The museum rises out of a parking lot just outside the very successful reincarnation of Underground Atlanta, one of those downtown festival shopping malls. Underground, which reopened last year and has since attracted far more visitors than expected, seems to be a fine complement for the Coke Pavilion, a strange, boxy, whimsical post-modern building topped with pyramids, with one quadrant open and devoted to a giant global neon revolving 23-foot-diameter Coca-Cola sign dangling over the entrance.
The museum is based in Atlanta, of course, because Coca-Cola was invented, marketed and has always been headquartered here. And perhaps because Atlanta is so barren of competing tourist attractions. For the $2.50 admission ($2 for senior citizens, $1.50 for children, under six free) you enter a rather dazzling combination of high-tech gadgetry and turn-of-the-century memorabilia.
The tour begins on the third floor, where Coke has displayed historical artifacts in glass cases around a massive kinetic sculpture representing a bottling plant - a 980-foot conveyor belt hustling along 1,168 old-fashioned six-and-a-half-ounce bottles.
Among the Coke historical treasures, there's old Doc Pemberton's original formula book and his laboratory percolator, the stuff from which the still-secret formula evolved.
But the heart of the museum is really about how Coke has been marketed, to the point where the cola is consumed 448 million times a day in some 160 countries, even Iraq.

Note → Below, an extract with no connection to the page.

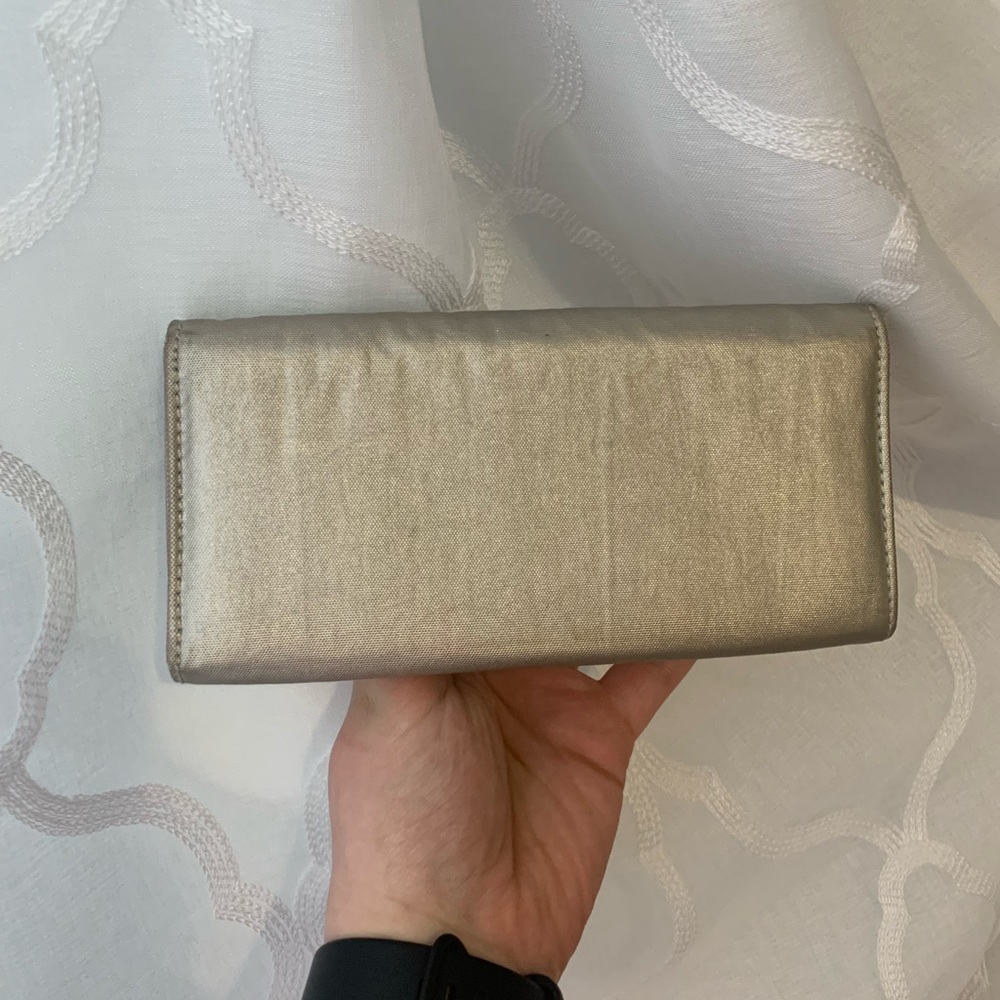 Kipling Teddi Metallic Snap Wallet gold 12 card slots snap button closure - Picture 2 of 8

Most of the museum is a history of Coke's advertising. Coke's brief flirtation with then-legal cocaine at the turn of the century isn't mentioned, but some of the early ads bill the drink as "The Ideal Brain Tonic" and suggest that the cola "relieves mental and physical exhaustion."
There, for all the world to marvel at, is the first six-pack carton (1923); the first Coca-Cola cooler (1929); the first bottle of Coca-Cola filled in the Philippines after the return of Gen. Douglas MacArthur.
But the crowning film is a 13-minute musical tribute to Coke's internationalism, with stereo and high-definition television on a theater-size screen.
On the second floor, there's another kiosk, this with some of the great Coke radio jingles by singers such as Roy Orbison, The Supremes, Loretta Lynn and Linda Ronstadt - cola oldie goldies. In another theater are 40 years of TV commercials.
By then, even the most jaded tourist is dying for a Coke. Which can finally be had at a wild space-age soda fountain that spits a liquid stream some 20 feet into space before it fills up a cup. Not only Coke, but most of Coke's American soft drink selections. Shooting across space into one's cup. For free.
Or, for those with more exotic tastes, there's a bank of vending machines offering 18 flavors of soft drinks found only outside the U.S. Like Mone from Japan (honey and lemon), Fanta Manzana from Colombia (apple) or Cappy from Czechoslovakia (sour cherry). Also for free.
Folks can drink away at tables under TV sets blaring a series of international commercials for, yes, Coca-Cola.
Then it's down to the 4,500-square-foot retail store featuring, according to the Coca-Cola Company, "the largest selection of Coca-Cola merchandise available anywhere."
Ten-year-old Tommy Braxton of Marietta, Ga., offered a qualified endorsement: "I liked it real good, even though it didn't have any rides or anything.
"I never knew that Coke had so many commercials," he added. "There must have been a thousand of them.
"Pepsi must hate this place."
IF YOU GO:
How to get there: The World of Coca-Cola Pavilion is located at Central Avenue and Martin Luther King Jr. Drive in downtown Atlanta, adjacent to Underground Atlanta.
Admission, hours: Admission is $2.50 for adults ($2 for senior citizens, $1.50 for children, under six free). Hours are 10 a.m.-9:30 p.m., Monday-Saturday, noon-6 p.m. Sundays.